Opinion by
Mr. Justice Mitchell,The principle that a pledgee shall not make a profit out of the pledge without liability to account for it to the pledgor is beyond question, but it is not applicable to the facts of the present action. It is not the case of a sale by the pledgee against the will or in derogation of the interest of the pledgor, or without notice to him, but one made by the pledgor’s direction or request. The interest on the mortgage pledged as well as on the prior mortgage being unpaid, its value as an investment and as collateral security for the debt was depreciating, and the appellee himself called upon the appellant to realize on it by selling it out. This could not have been done by the terms of the pledge which only authorized appellant to sell and transfer the mortgage, a power which of course would have to be strictly pursued. By waiting a few days until his debt matured, appellant under the terms of the pledge could have sold the mortgage at public or private sale with the right to purchase and hold free of any trust or claim on the part of plaintiff. This however he did not do but acquiescing in plaintiff’s request he sued out the mortgage, and in due course the property was put up by the sheriff for sale. Appellant was under no obligation to bid, but chose to do so in order to protect his interest in the mortgage as security for his debt. Had he bought in the property without further notice to the plaintiff the presumption might still have been that the purchase was to preserve the pledge for their mutual benefit according to their respective rights, and therefore that the relation of trust still continued, and the sale made, as the learned judge below held that it did, a mere substitution of the land for the mortgage. But appellant did not take this course. He gave explicit notice that he would act only for himself and would not bid up the property for any more than enough to protect the loan, and that if plaintiff desired to bid anything above that amount it would be necessary for him to be on hand himself. This relieved appellant from any trust in case he purchased, and put him in the position of an ordinary purchaser at a mortgage sale, who takes a clear title, even though he be the mortgagee.

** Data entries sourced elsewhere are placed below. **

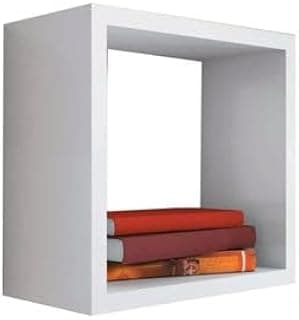 Nichos Decorativos Cubo Flutuantes, MDF Branco, 30x30x10cm, Conjunto de Prateleiras, Montagem Fácil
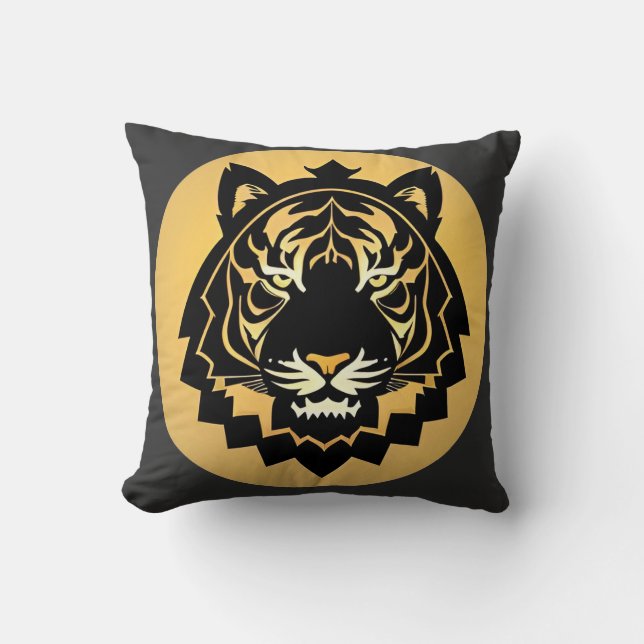 Golden Abstract Tiger Illustration Throw Pillow (Front)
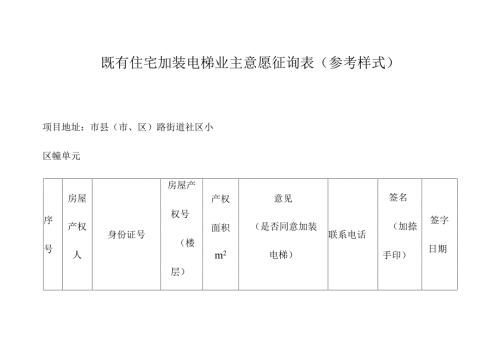 既有住宅加装电梯业主意愿征询表（参考样式）.docx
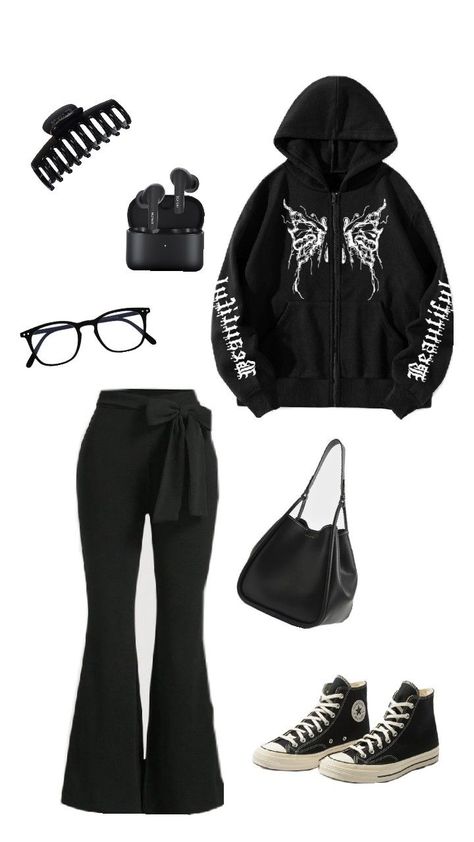 random wear black ootd idea hoodie pants sneakers y2k grunge aesthetic 💌 Black Casual Outfit, Y2k Grunge Aesthetic, Ootd Idea, Black Ootd, Casual Outfit Idea, Hoodie Y2k, Hoodie Pants, Y2k Grunge, Grunge Aesthetic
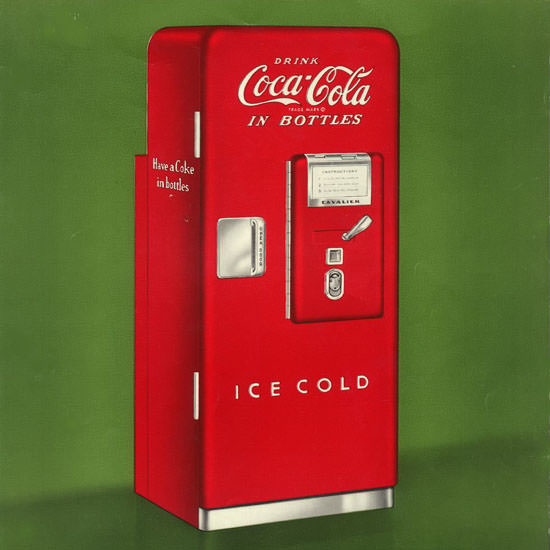 Detail Of Coca-Cola Ice Cold Refrigerator | Best of Vintage Ad Art 1891-1970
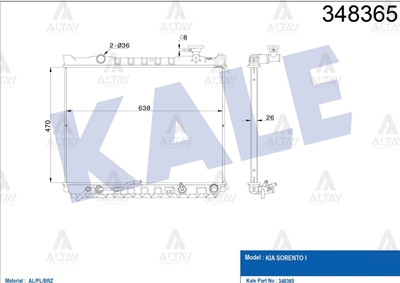KIA Sorento Su Radyatörü 2006-2009 Radyatör Su 26mm A-t Brazıng OEM 25310-3E730 KIA Sorento Su Radyatörü 2006-2009 Radyatör Su 26mm A-t Brazıng OEM 25310-3E730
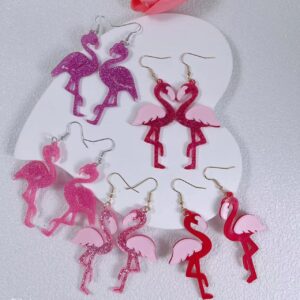 Wholesale Cross-border Amazon earrings glitter acrylic pink Valentine's Day fun cute Flamingo earrings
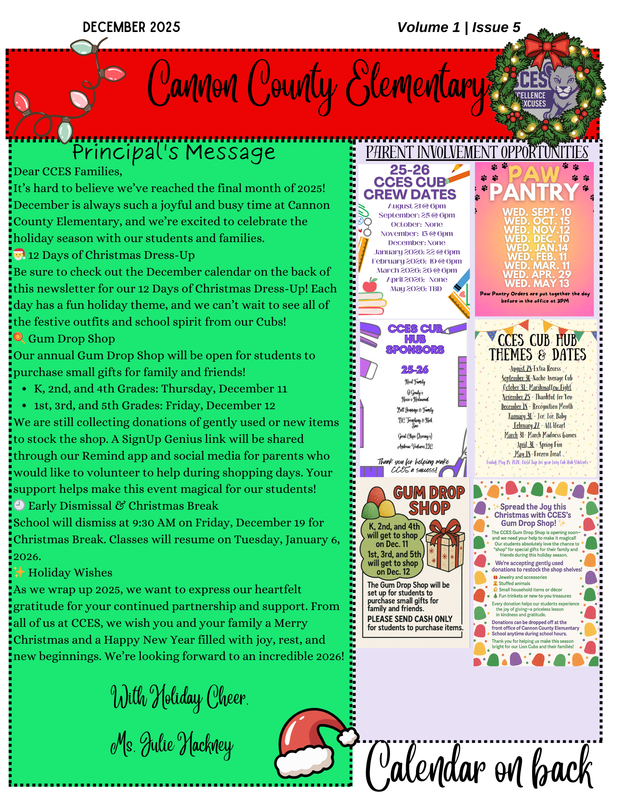 Dec. Family Newsletter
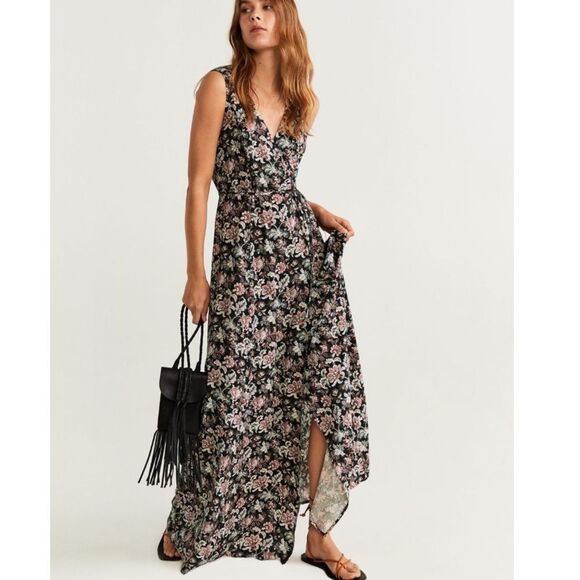 MNG Mango Black Floral Sleeveless Maxi Wrap Dress Dark Romantic European Size 4 - Picture 1 of 10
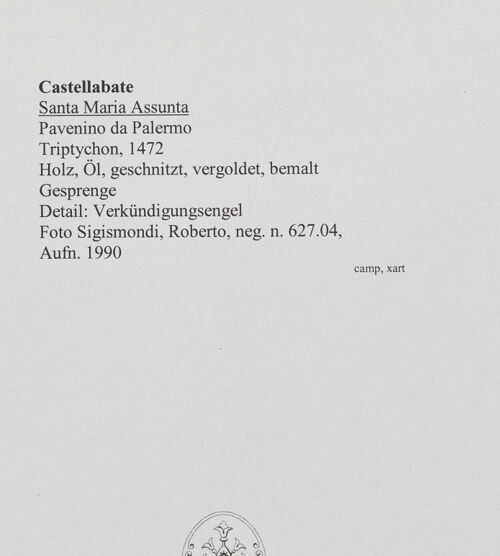 Rückseite von Sigismondi, Roberto [http://creativecommons.org/licenses/by-nc-sa/4.0/] TriptychonGesprenge - Verkündigungsengel, bh559632_recto. Foto: Sigismondi, Roberto.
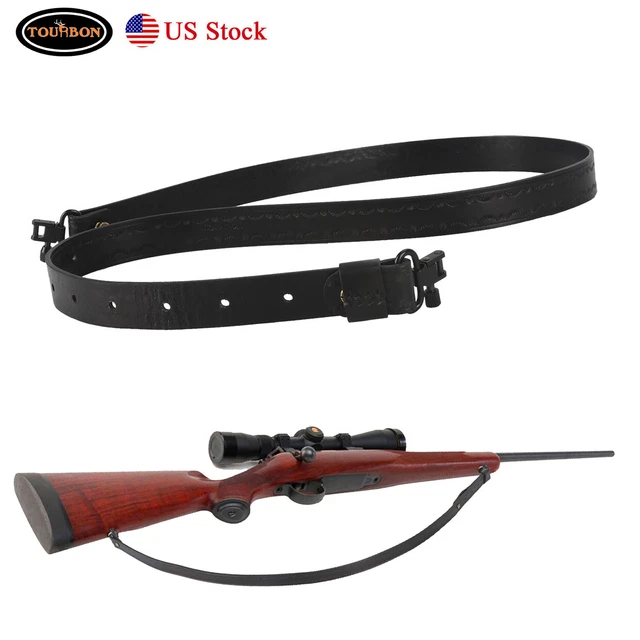 Tourbon Black Leather Rifle Sling 2 Points Shotgun Strap with 1" Swivels in USA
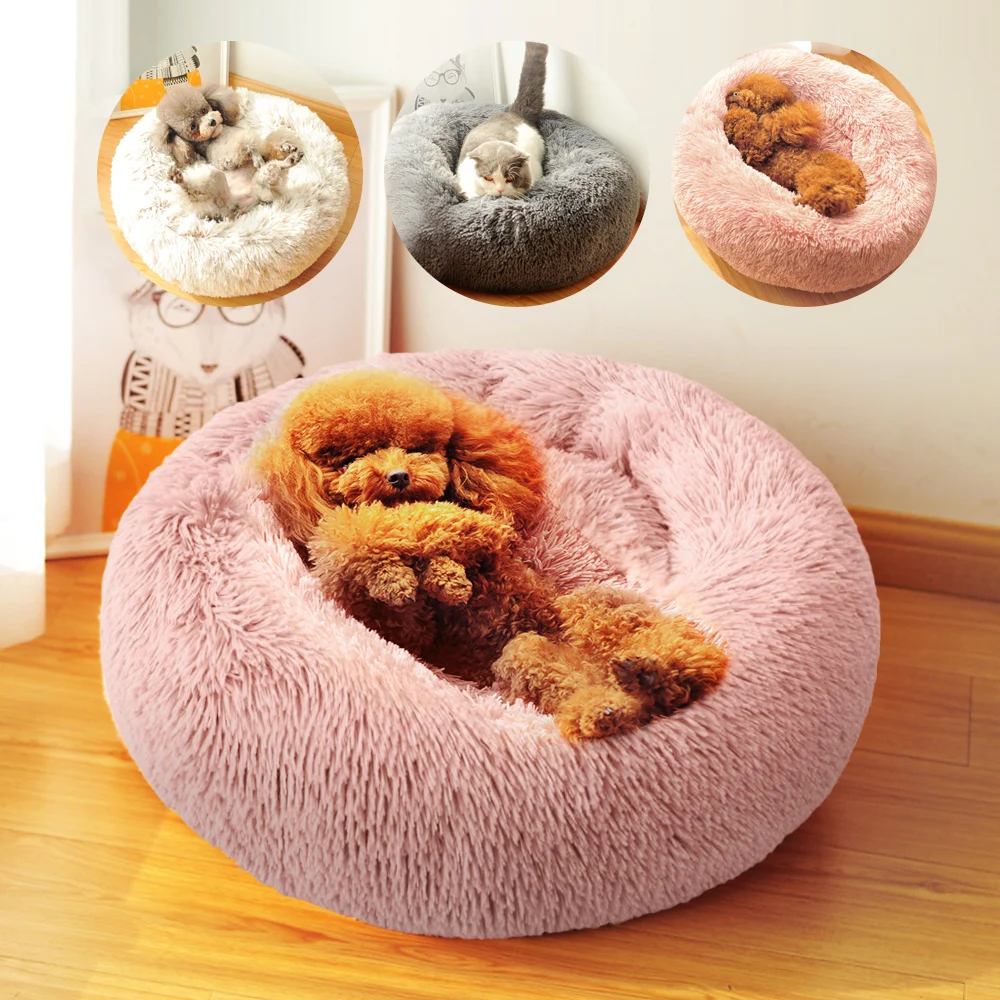 

Pet Dog Bed For Small Dogs Cats Nest Winter Warm Sleeping Bed Puppy Mat Round Plush Cat Bed House Soft Long Plush Cat Bed Round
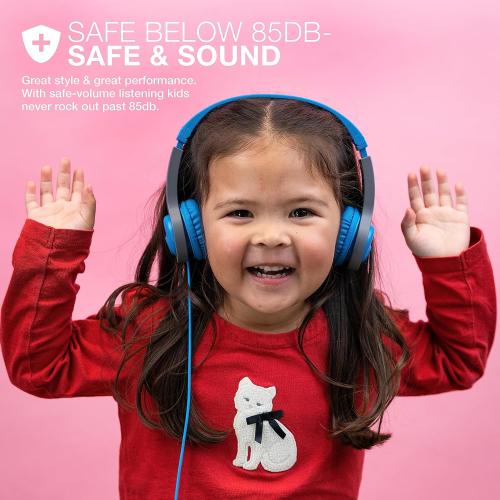 JLab JBuddies Folding Kids Wired Headphones Gen 2, Blue/Grey, Toddler Headphones, Noise Isolation, Kids Safe, Volume Limiting, for Children Ages 2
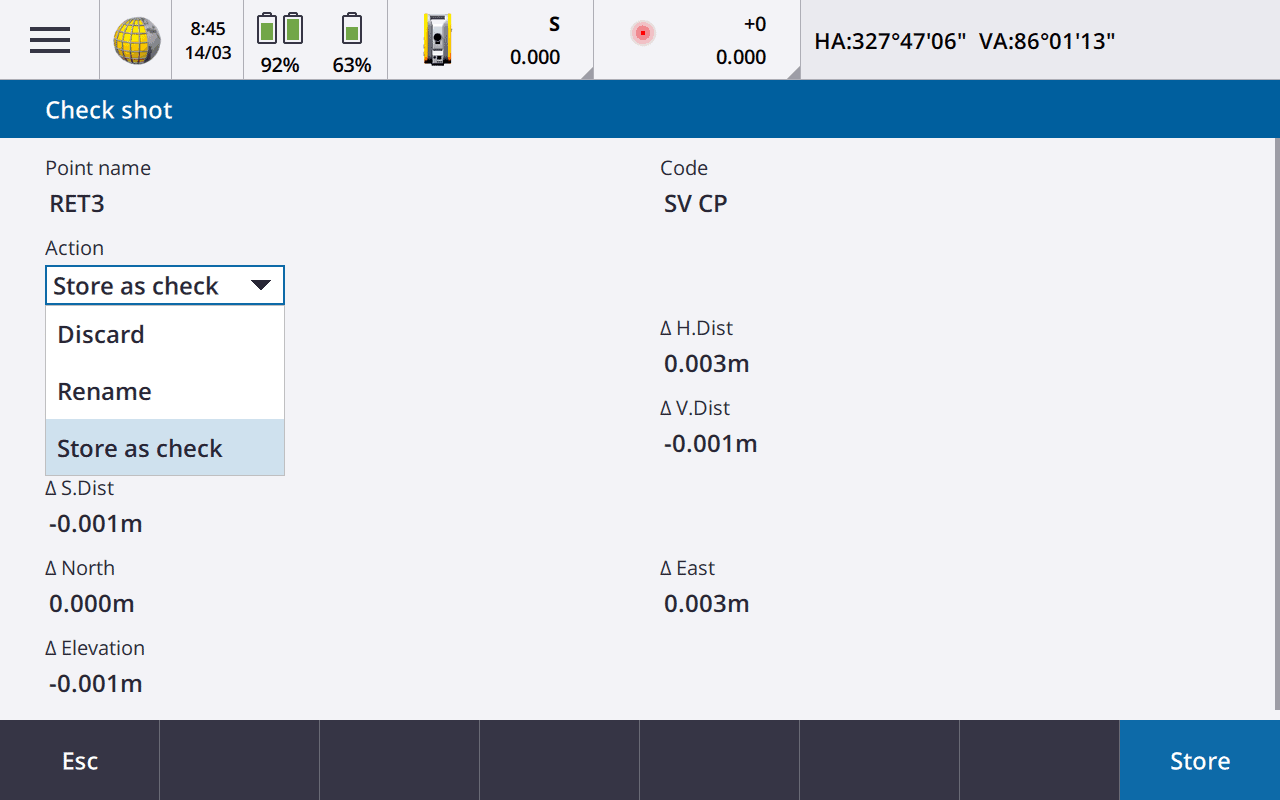 230315 Trimble TSC7 check shot options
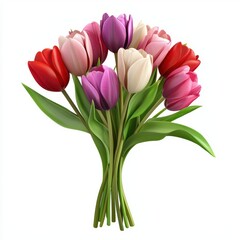 Fototapeta premium fresh bouquet of mixed tulips in romantic shades, isolated on a white background for Saint Valentines Day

*535This feature clearly distinguishes the present case from Brown v. Tyler, 8 Gray, 135; In re Gilbert, 104 N. Y. 200, and the other New York cases cited by appellee. In fact this case is more closely analogous to Bloomer v. Sturges, 58 N. Y. 168, in which the mortgagee was made a party defendant to the assignee’s bill of foreclosure and his interest was held to have been extinguished. The principle of all the cases is that the pledgee being within certain limits a trustee is therefore presumed to act for the pledgor’s interest as well as his own, but their interests are not identical, and where they may require different action the pledgee is entitled to regard his own, after having put the other party on his guard, by notice to him that he must look out for himself. This is what appellant did. When he bought therefore he bought for himself and in his own right. He thereby elected to take the property on account of the debt. If he had subsequently sold it at a loss he could not have called upon the plaintiff to make good the deficiency, for there was evidence that the latter had distinctly refused to preserve his interest by any separate bid of his own at the sale. On the other hand appellant having taken the risk was entitled to the profit on the resale. The burden of showing the circumstances that entitled him to buy clear of any trust for the pledgor being on the appellant the case must go to the jury on that point.
In any view of the case it was error to disallow the claim for commissions. If the jury should find in plaintiff’s favor he would thereby get the profit of a good sale, and he should pay the commissions earned by the firm which made it.
Judgment reversed and venire de novo awarded.